Après Dream Loser (2017) et Don Idiot (2019) – albums remarquables que nous avions évoqués à l’occasion du Selectorama réalisé par Pierre Donadio -, le punk romantique normand exilé à Paris revient avec le superbe Cent Détours. Enregistré à l’automne 2020 au Studio Capitola par le précieux Nicolas Brusq – qui avait déjà fait des merveilles sur l’album précédent – s’impose à son tour comme un petit bijou, dont on ne cesse de découvrir les détails à chaque nouvelle écoute. On entre dans ce disque comme dans une maison un peu bordélique, où les cendriers de la veille n’ont pas été vidés et où les cadavres de bouteilles sont encore posés ici et là, mais dans laquelle on se plaît à passer de pièce en pièce, irrésistiblement charmés par la beauté du lieu et la personnalité de celui qui l’occupe.
Certes, c’est un album assez sombre, hanté par les spectres de l’échec, des déboires sentimentaux et des désillusions en tout genre, mais est-ce un problème ? « Au-delà d’un quart d’heure, on ne peut assister sans impatience au désespoir d’un autre », affirmait Cioran ? Il y a des exceptions. Les bluesmen du Delta du Mississippi, João Gilberto, Pete Shelley, Johnny Thunders et consorts n’ont-ils pas montré qu’on pouvait sublimer son propre désarroi grâce à l’art et rendre la souffrance morale non seulement supportable pour soi et les autres, mais carrément délectable, par le moyen de la beauté qui parvient à rendre lumineux les coins les plus sombres de l’esprit ? Et c’est exactement ce que fait ce disque : faire rayonner le spleen, lui donner un éclat qui le transfigure.
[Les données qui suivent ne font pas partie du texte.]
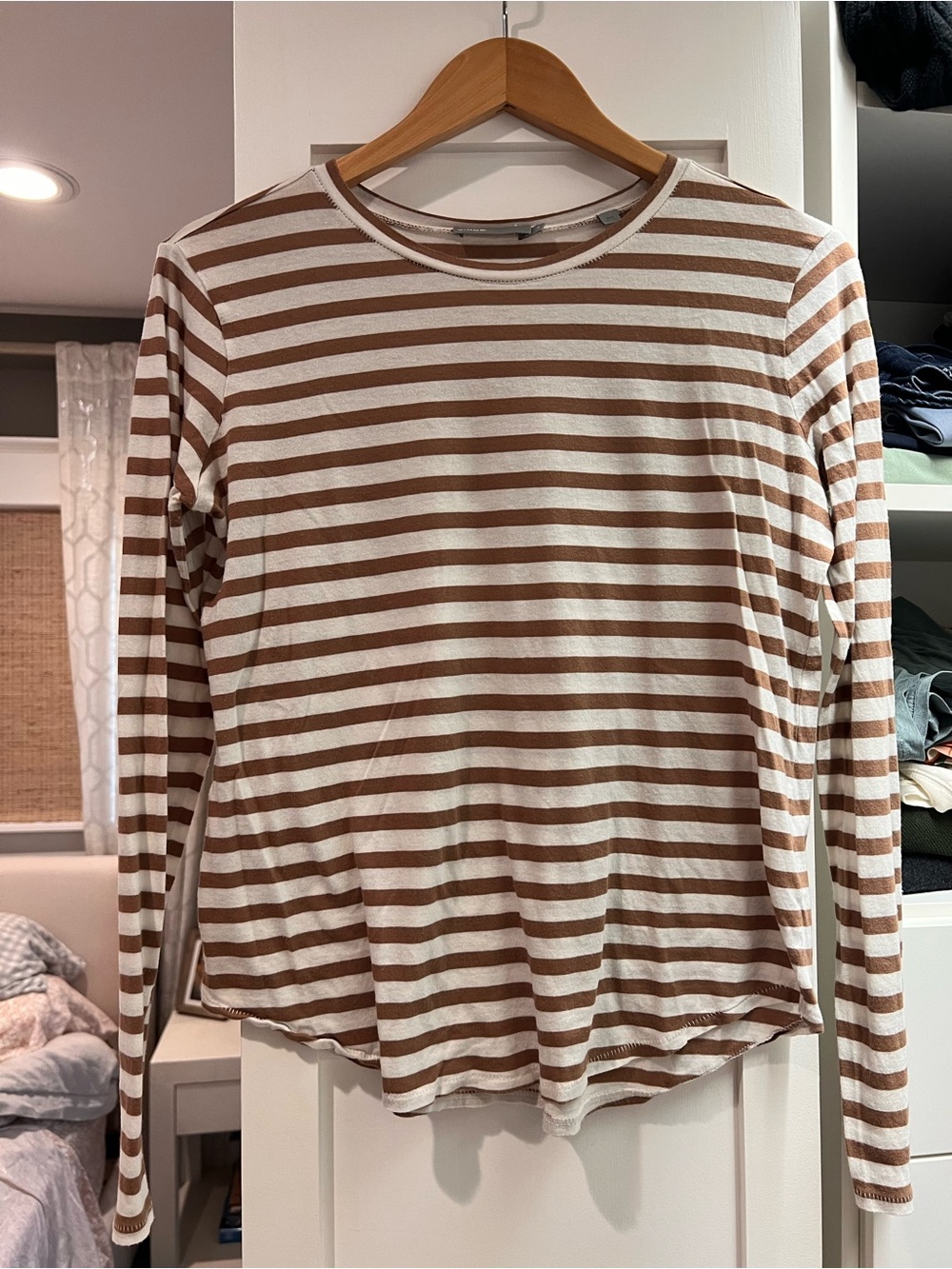 Vince Striped Long-Sleeve Crewneck Top in Brown and White
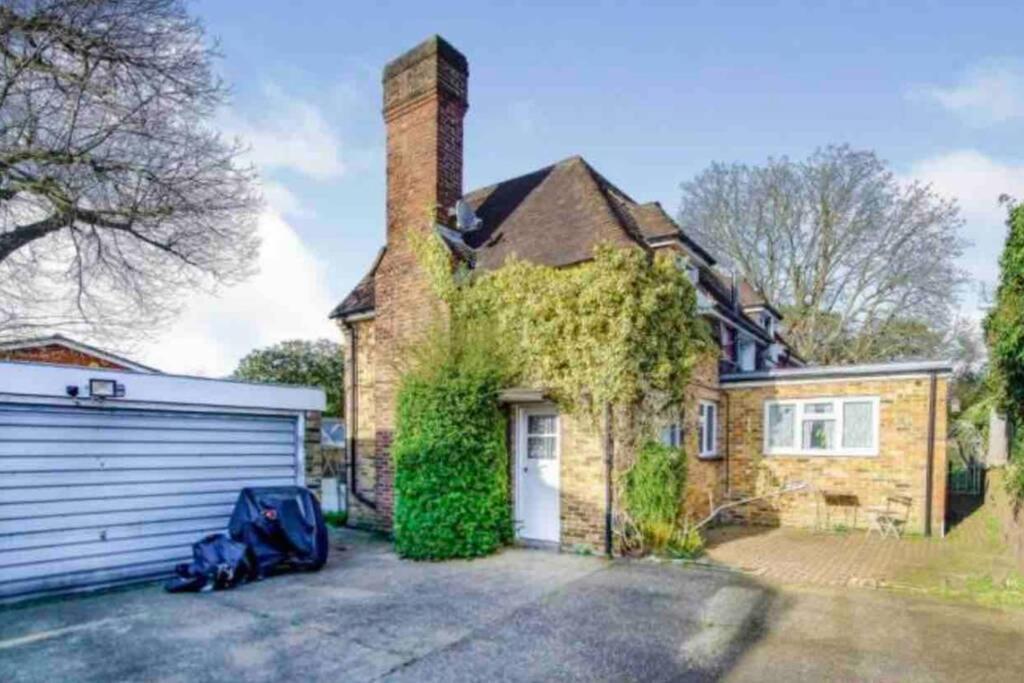 Lovely Cottage In The Heart Of Shirley- London Borough of Croydon Exteriör bild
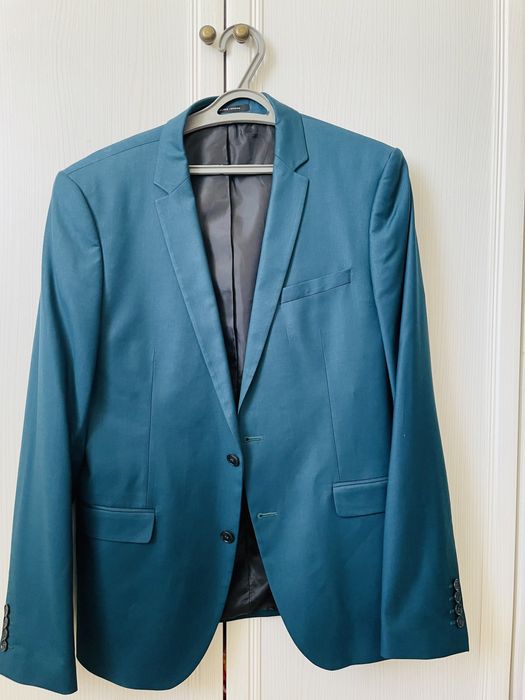 Продам пиджак.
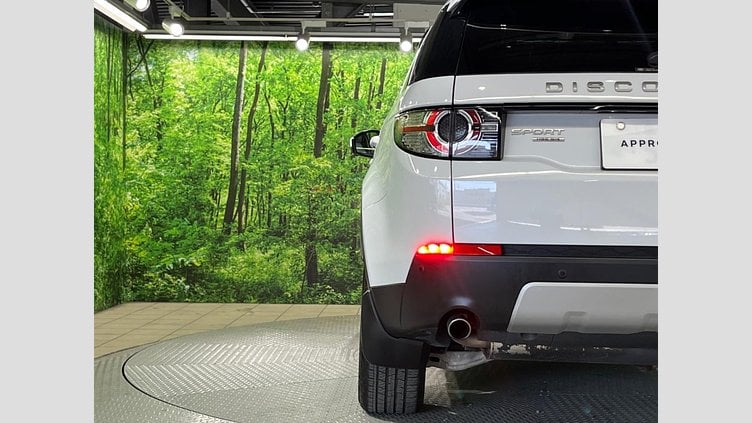 2015 認定中古車 Land Rover Discovery Sport Yulong White 2.0 litre Si4 Petrol HSE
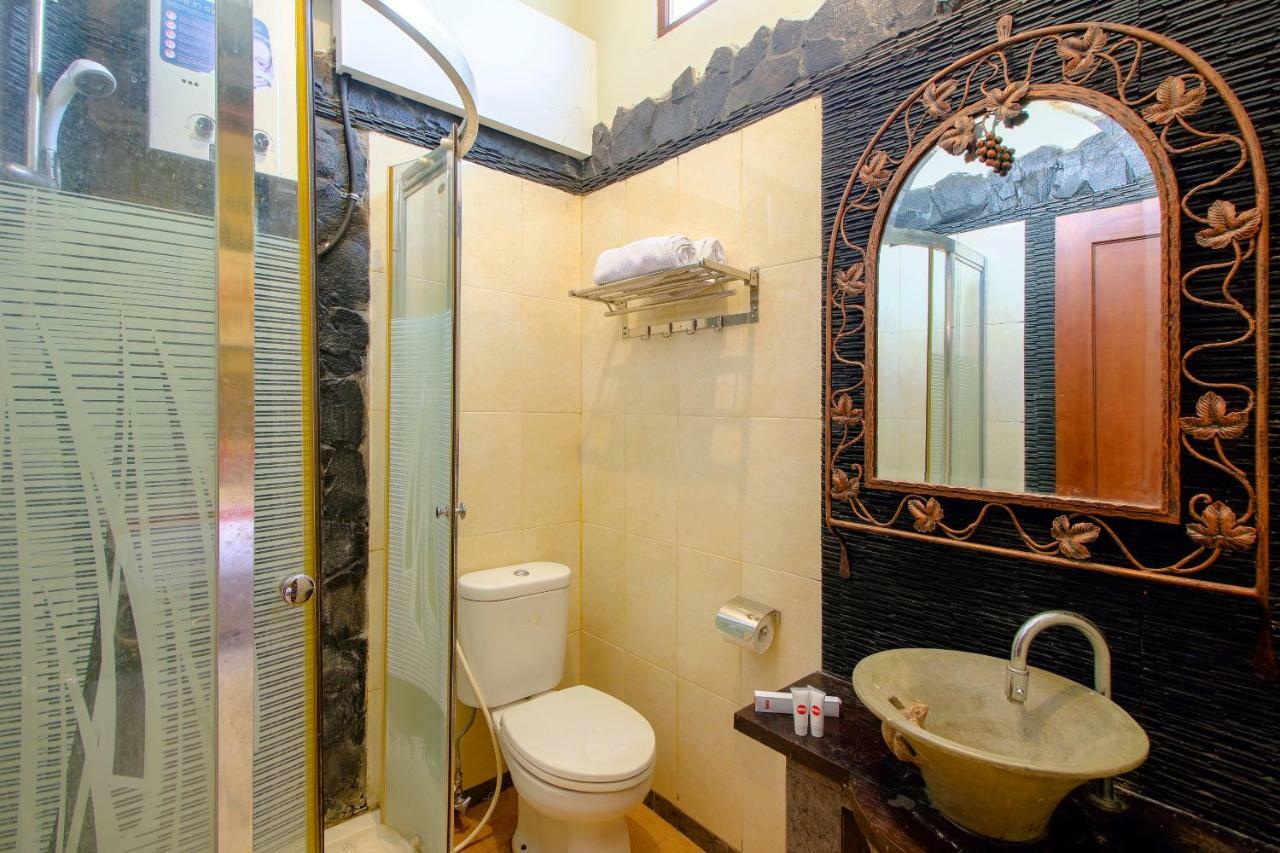 Oyo 1195 The Doctor'S Guest House Syariah Kejayan Екстериор снимка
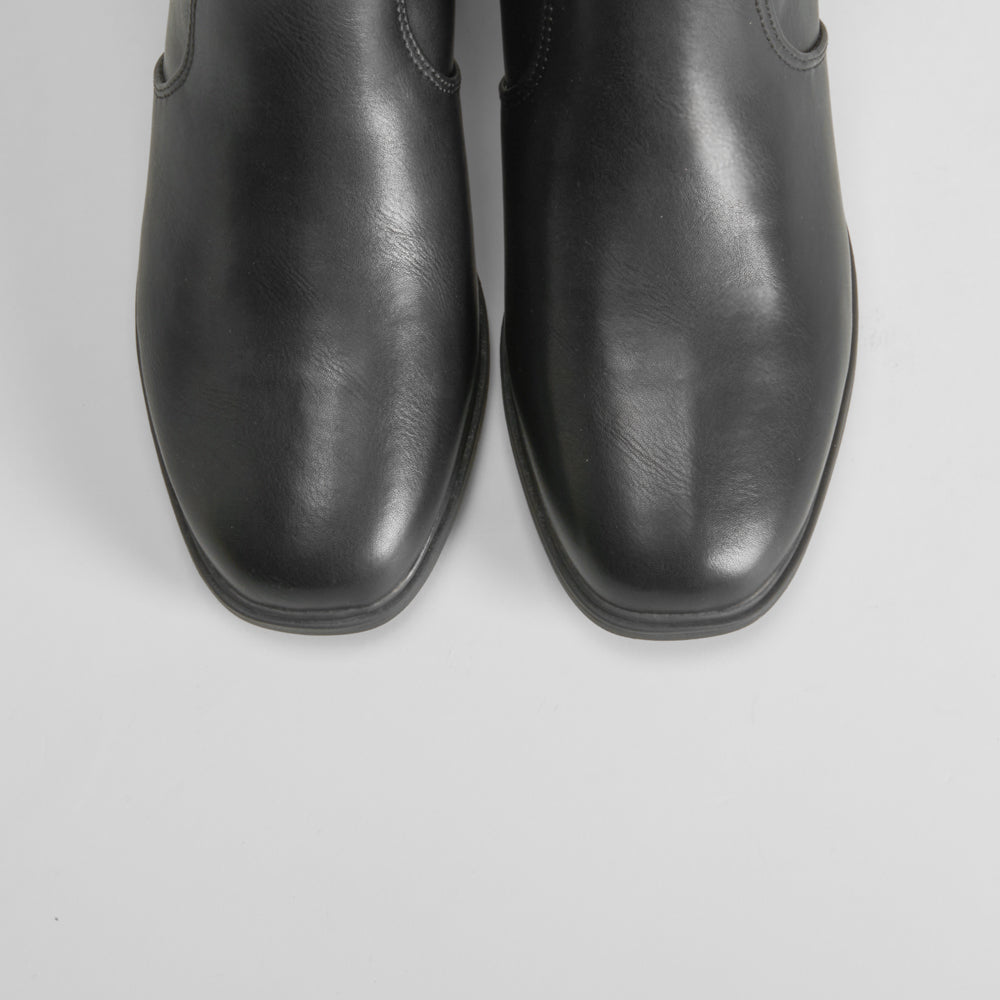 Botín tacón medio negro COMFEET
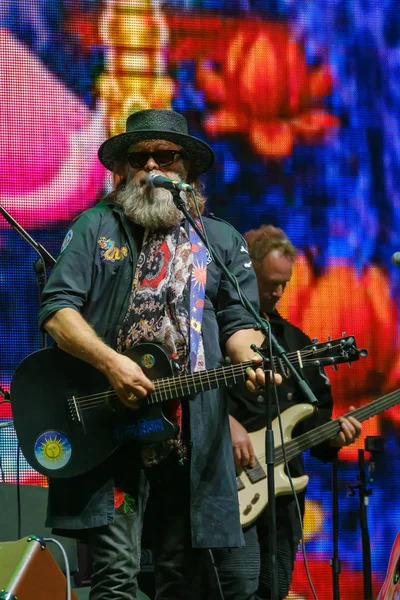 Líder do grupo musical Aquário Boris Grebenshchikov realiza-se no palco — Fotografia de Stock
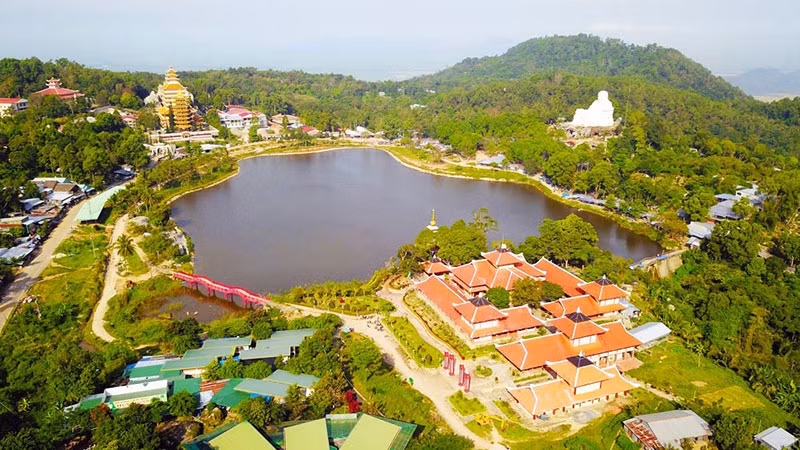 Cáp treo Núi Cấm: Hiện đại, an toàn trong từng cabin -0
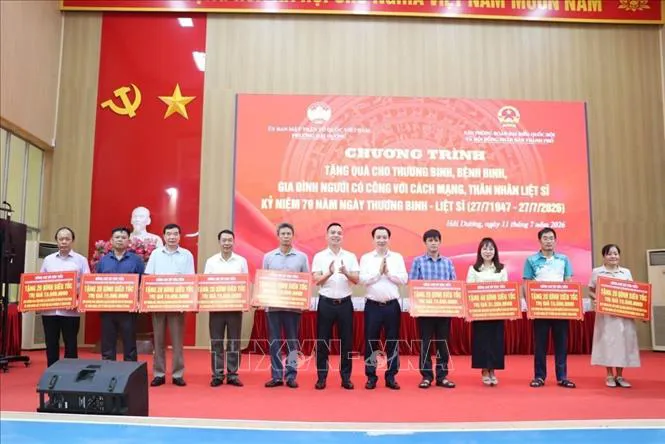 Hải Phòng: Tặng quà thương binh, bệnh binh và người có công ở 9 phường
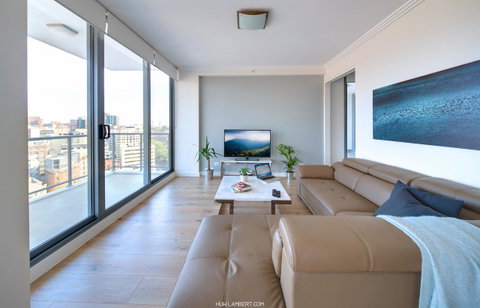 Zara Tower â€“ Luxury Suites And Apartments - Sunshine Coast Guide 25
Si l’album commence par L’Amour sauve, poème quasiment nihiliste, immédiatement suivi par Après la pluie, très beau morceau à peine moins désespéré, une lumière bienfaisante finit par transpercer les nuages noirs à partir de la troisième plage grâce à Sweet Aslin, sublime chanson qui revisite Sweet Jane de Lou Reed en apportant un brin d’insouciance et de légèreté au disque, même si le cafard n’est jamais loin. Mais c’est 100 nuits sans toi qui s’impose comme la chanson-phare de l’album. Ici encore, c’est le fantôme du Velvet Underground qui se fait sentir, comme si Pierre Donadio s’était cette fois réapproprié Ride Into the Sun de la bande à Lou Reed. Par son admirable partie de guitare lead qu’on croirait jouée par Sterling Morrison en personne, sa montée en puissance inattendue, ses paroles à fendre le cœur, ses arrangements subtils, ce titre a de quoi émouvoir jusqu’aux larmes. Comment résister à un si rare moment de sincérité, à une telle mise à nu de soi ?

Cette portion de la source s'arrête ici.